Brown and Alexander worked together a great deal in the
years before that, in the Triple Treat trio along with Herb
Ellis as well as in traditional piano-bass-drums trios.
Before he began explicity exploring his Jamaican background
by interpreting the music of the island, Alexander was a
pretty straight ahead jazz pianist, albeit an overlooked
one. His style, which directly referenced Oscar Peterson,
Nat “King” Cole, Ahmad Jamal, and Errol Garner,
was a great fit for the trio conception that he put together.
Steaming Hot,
an Alexander twofer from Concord, reprises to excellent
piano trio albums from his years at that label. The first,
originally released in 1985 as
Full
Steam Ahead, finds him in the company
of Brown and drummer Frank Gant. Alexander swings easily,
making him quite a fit for the effortless walking of Brown’s
bass lines. He gravitates toward the blues regardless of
the structure of the tune he is addressing, as demonstrated
by his solo work in the opening track, “Freddie Freeloader.”

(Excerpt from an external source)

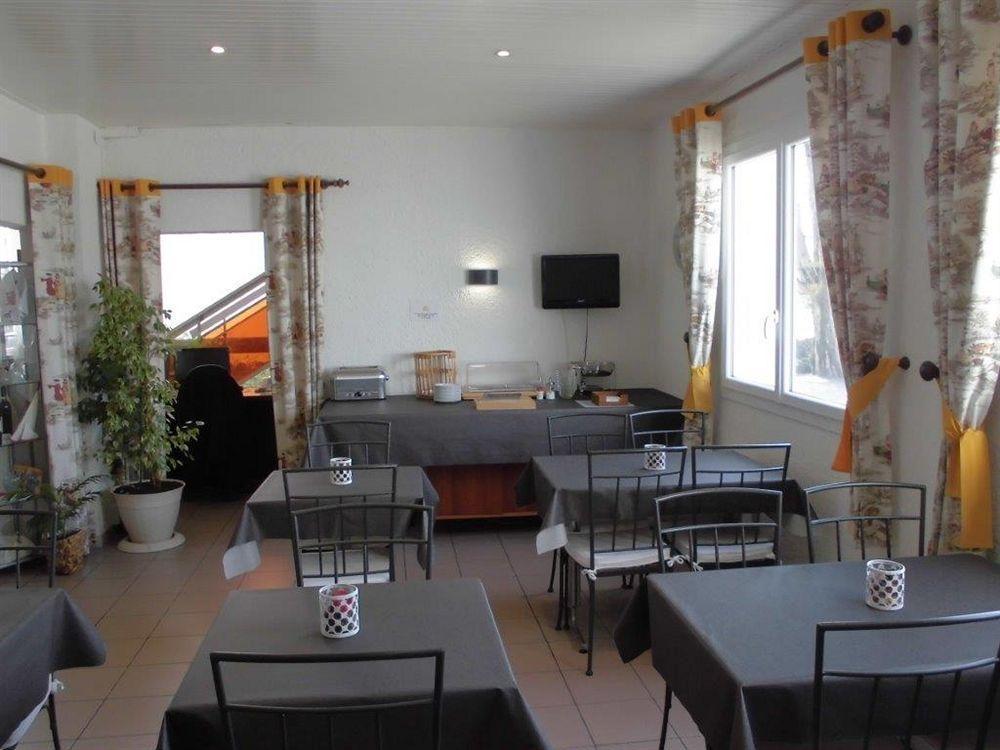 Hotel Le Challans Luaran gambar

He provides just the right touch for the bossa rhythms of
Jobim’s “Once I Loved,” and Brown demonstrates
on this track just why he was so sought after. He is always
there to fill the space with just the right inflection or
comment, but never creates an overly busy sound. What he
plays is always so completely right that it often seems
he could not have played anything else in that spot. Other
standouts from this set include the Ray Brown bebop composition
“Ray’s Idea” on which Alexander gets to
demonstrate his bop chops. The weirdest item is a lightning-fast,
less than three minute take on the Rolling Stones’
“I Can’t Get No Satisfaction,” but the
other song selections are spot on: “Happy Talk,”
Randy Weston’s classic “Hi-Fly,” and the
standard “Just Friends.”
The second disc, originally released in 1995
under the title
Steamin’,
finds Alexander in the company of bassist Ira Coleman and
drummer Dion Parson. By this time Alexander’s penchant
for choosing great songs that hadn’t been done to
death on jazz recordings was in evidence. He leads off with
a completely charming rendition of Anthony Newley’s
“Pure Imagination” from Willie Wonka &
the Chocolate Factory, a number that you’d think
would have been performed by more jazz artists because of
its very melodic nature. He also takes a crack at Bob Marley’s
“Lively Up Yourself,” foreshadowing his first
album for Telarc, Stir It Up, which was made up
entirely of Marley tunes. There are also two lively Alexander
originals, “Dear Diz,” a remembrance of Dizzy
Gillespie that sometimes recalls Gillespie’s “Manteca”
in its rhythms, and “Tucker Avenue Stomp,” a
32-bar tune that harkens back to the neighborhood in which
Monty grew up. The date ends with Alexander providing a
solo stride rendition of the standard “Young At Heart.”